Naturally, my neat little scheme gets complicated when you try to account for the cultural and moral components to our political forces. I think you’d want a pair of terms such as postmodern and traditional for that element of our political conversation, a “two-component” alignment system to borrow a notion from D&D. A Blue Dog Democrat or so-called RINO is progressive with traditional values. A Tea Partier is a libertarian with traditional values. Academia is progressive with postmodern values. Libertarian-postmoderns, I guess those are the anarchists.   

As The Who put it so succinctly in “Won’t Get Fooled Again”…. The party on the left is now the party on the right. That doesn’t mean they’re the same. It means that when your revolution succeeds, your interests change from overthrowing the order to preserving what you’ve done. Liberalism achieved the vast majority of its objectives over the last hundred years, and these days it’s playing defense.

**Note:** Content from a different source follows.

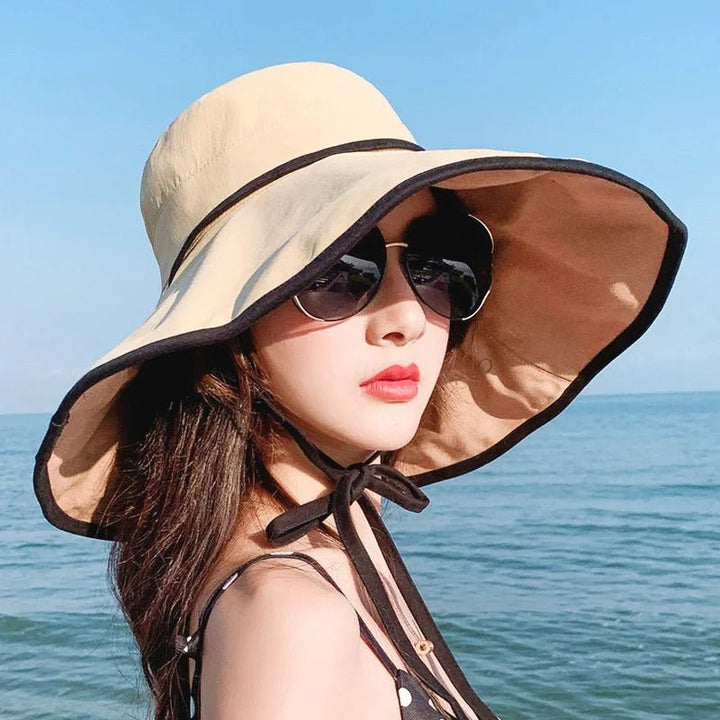 Women's wide brim foldable sun hat, Livia, offering UV protection, perfect for beach or travel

The Finer Things: The Moody Blues, the old stuff. My daughter was asking me about theme albums the other day, so I was telling her about Alan Parsons’ Tales of Mystery and Imagination and Jeff Wayne’s War of the Worlds. That reminded me of the old Moody Blues concept albums, so I pulled out my CDs of Days of Future Passed, On the Threshold of a Dream, and In Search of the Lost Chord. I listened to ‘em a bunch in the last few days while working on my writing. Yeah, they’re OLD now, but I love a lot of different music, and I don’t listen to CDs much anymore. On due consideration, I think On the Threshold of a Dream is the best of ‘em. I especially love “Have You Heard,” the final track. There’s an epic fantasy quest trying to escape from the interlude in the middle of the song, I just know it.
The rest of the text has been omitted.